I have to agree with your update in that experience is worth its weight in gold . Everyone dreads the ‘boot drop’ when PFCs and lance corporals straight from MOS school show up knowing … very little. It’s the same with 2 nd Lieutenants who show up to a unit—there’s a reason they’re called boot lieutenants.  What’s really valuable is retaining someone who’s spent years of his life training and actually deploying and working in this war because they have knowledge and experience in both their jobs and in just dealing with military life that you can’t create overnight. 

Of course, the downside to good retention is that in the military, you can’t stay in a job for 20 years no matter how good you are at it . You have to be promoted and move up the ladder until you’re promoted to your lowest level of incompetence. So while we say we want a force full of experienced captains and NCOs who have been around the block a few times, we’re lying to ourselves if we think retention is the solution.  With the current promotion rates (something like 98 percent make it to captain in the USMC, and I think it’s the same if not higher in the army) and the accelerated pipeline (I’ve heard the time from commissioning to captain is 39 months in the Army, with 18 to 1 st Lieutenant) it’s only a matter of time before that captain, if he’s motivated and a performer, will become a major and then a lieutenant colonel, or that shit hot sergeant becomes a staff NCO. So under that system you need a constant input to ensure that at the ranks you want people you can continue to have experienced officers and NCOs while still promoting people out of those ranks. The force structure is very very dynamic and maintaining an equilibrium, or even approaching a desired end state, is very difficult and very temporary. [Emphasis added.]

So while “experience” is important, it means nothing if you don’t have a steady flow of new recruits.

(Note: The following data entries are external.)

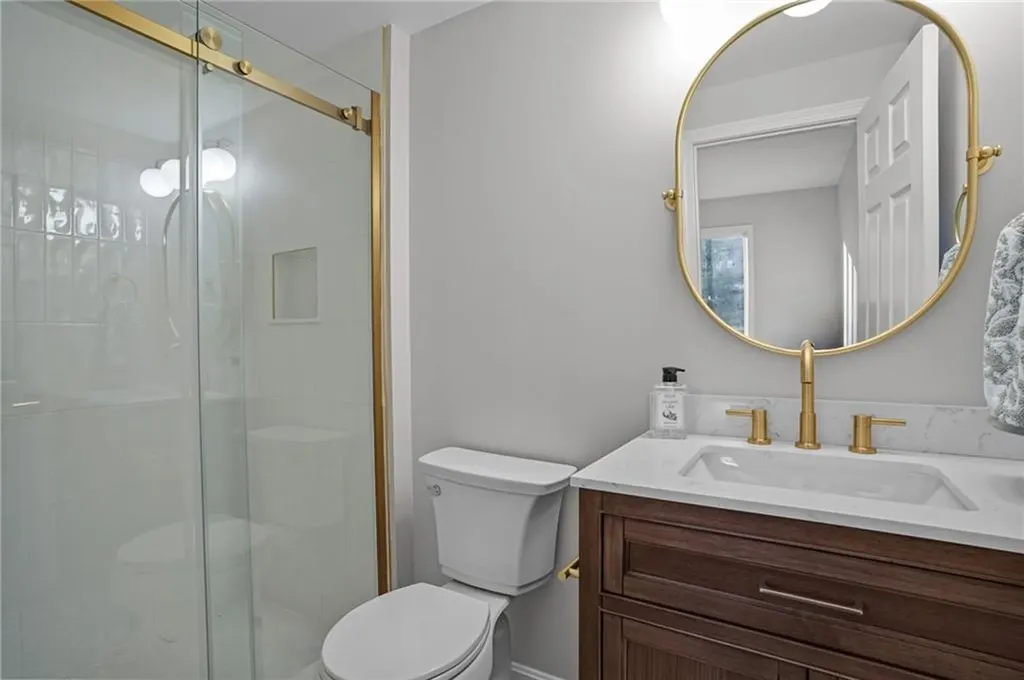 35 Bagy Wrinkle Cove Warren RI 02885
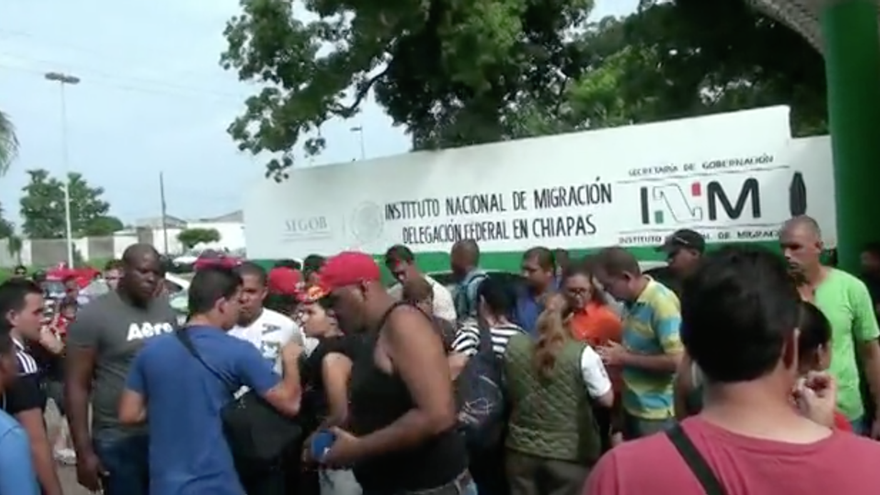 Cubanos esperando su salvoconducto a las puertas del Instituto Nacional de Migración en Tapachula. (Martí TV/captura de pantalla) 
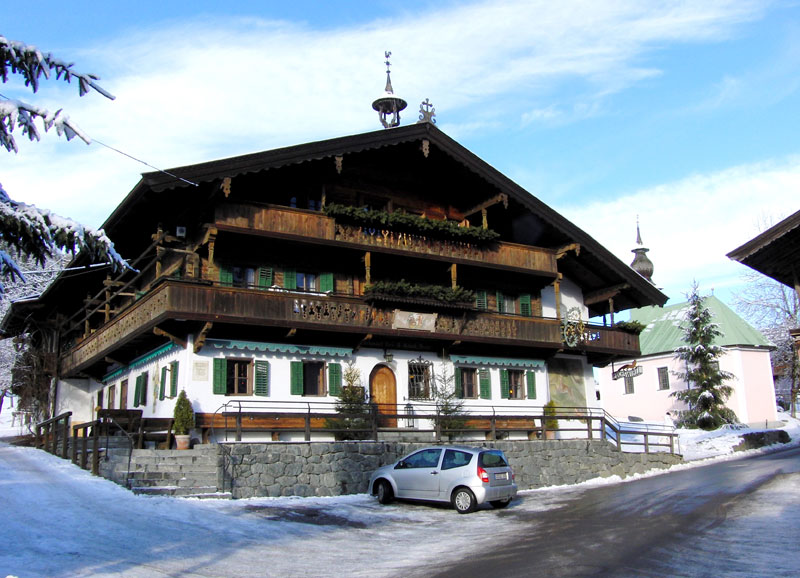  Hier im alten Gasthof „Fuchswirt“ kehrten die Fairplay-Leute ein und ließen sich die Gerichte von Haubenkoch und Küchenchef Clemens Konrad schmecken.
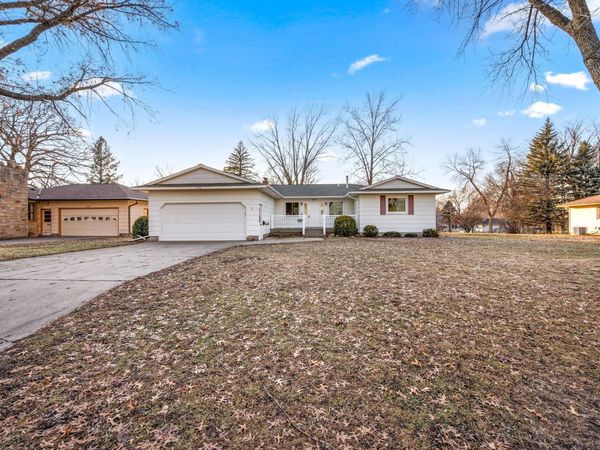 1224 S Ramsey Street, Blue Earth, MN 56013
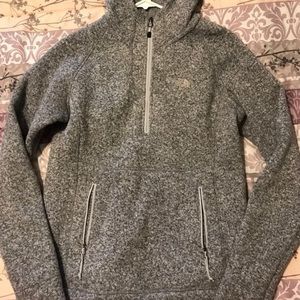 NORTH FACE QUARTER ZIP HOODIE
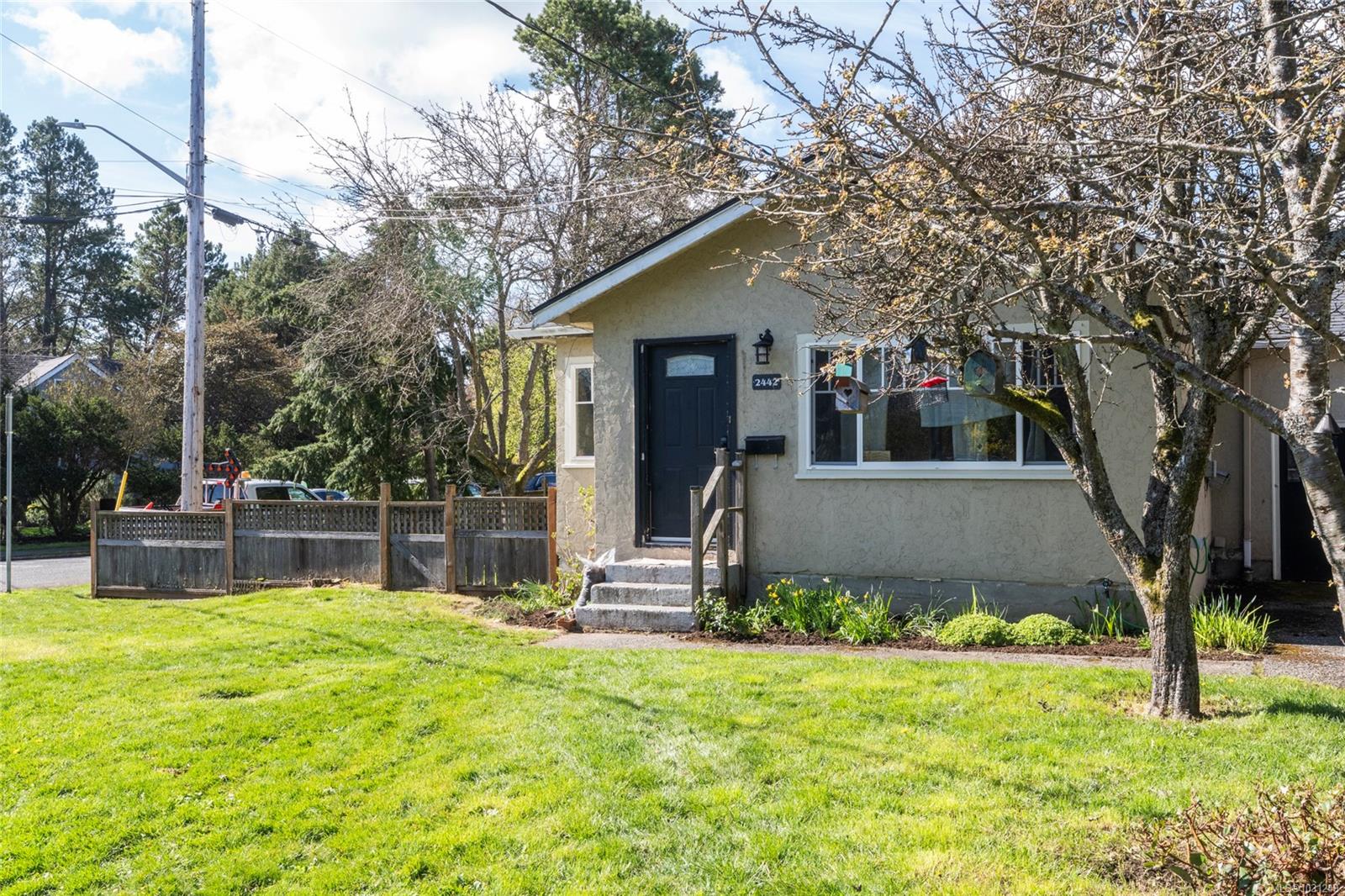 2442/2462 Eastdowne Rd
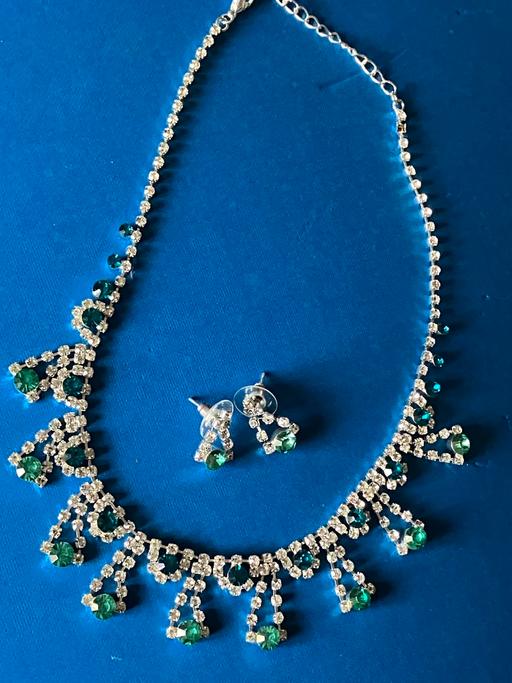 Buy & Sell Yeovil Somerset - Photos for emerald & c.z necklace & earrings 11.00ct.,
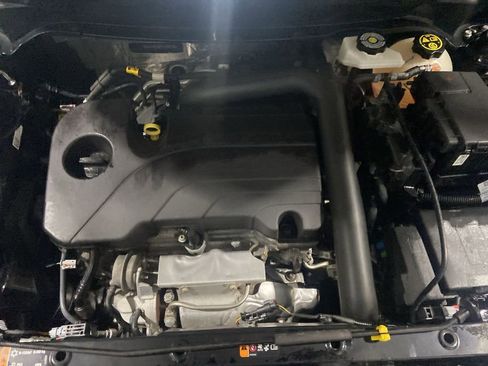 Certified 2023 Chevrolet Equinox RS image 28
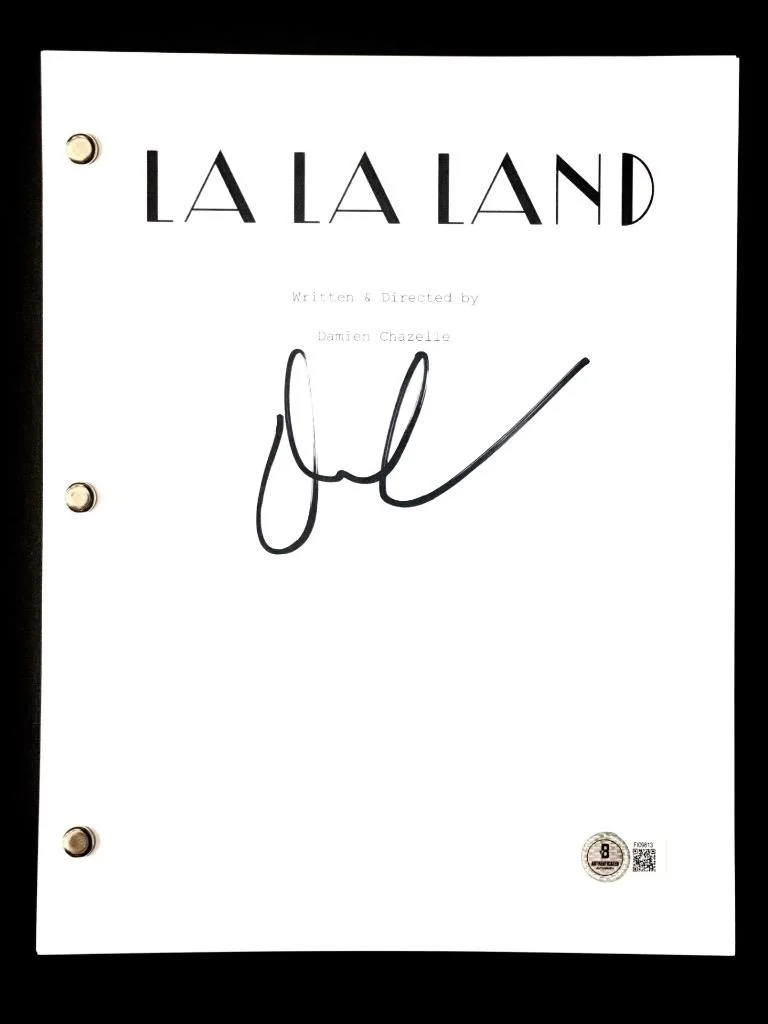 Damien Chazelle — Damien Chazelle signed LA LA LAND full movie script autograph (C) ~ Beckett BAS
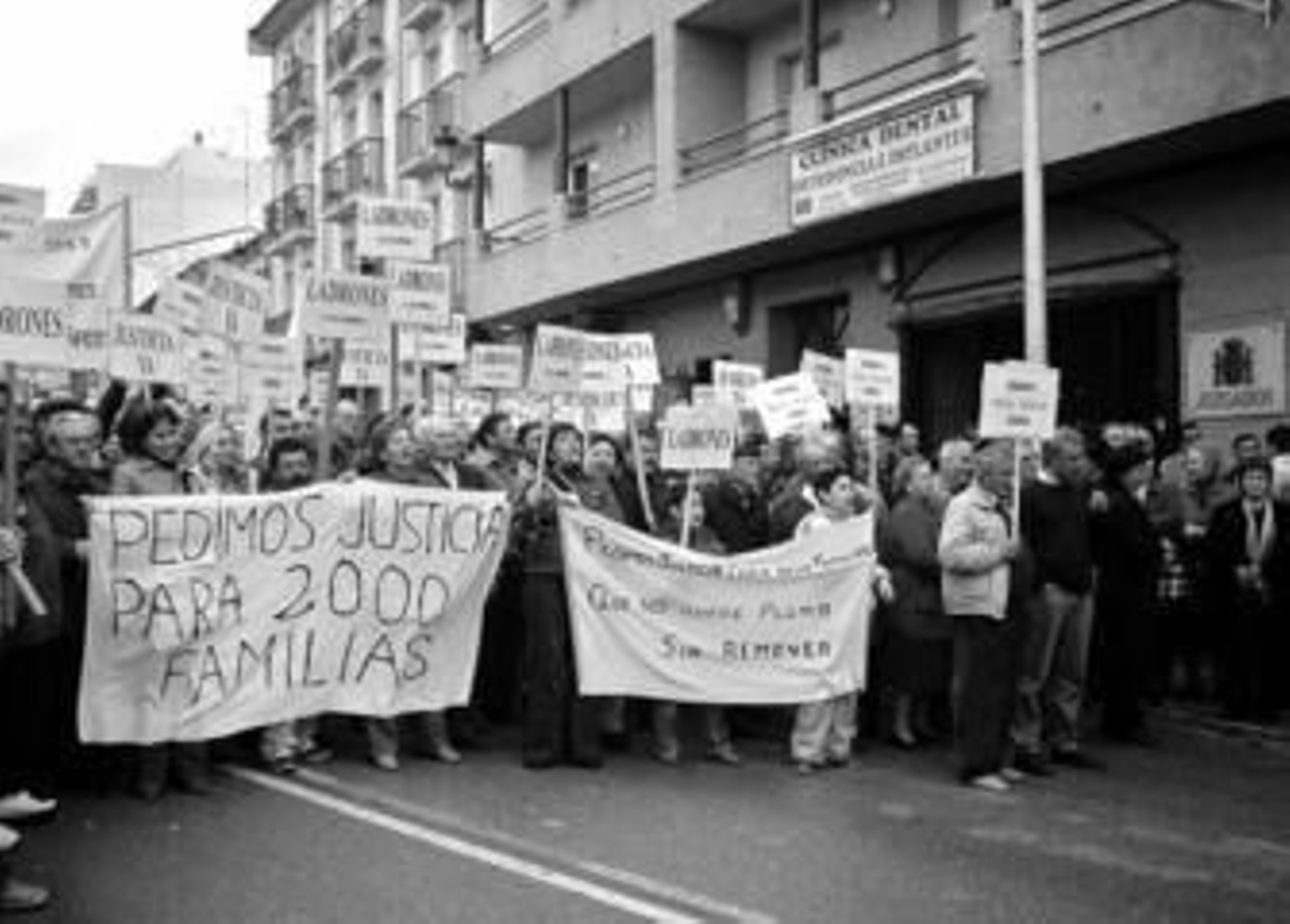 Una de las primeras manifestaciones de los afectados por el caso Almazaras de Priego. Una de las primeras manifestaciones de los afectados por el caso Almazaras de Priego.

John McCain has the advantage of understanding the chaotic structure of the military—he logged more than 20 years in the Navy and has two sons in uniform. But the GI bill debate inevitably gets squished into the narrow terms of who is “supporting the troops” more. It’s easier to argue that more education benefits are automatically better than to analyze the complexities of the military hierarchy. Which is why, at least on this issue, McCain has failed to persuade his fellow senators.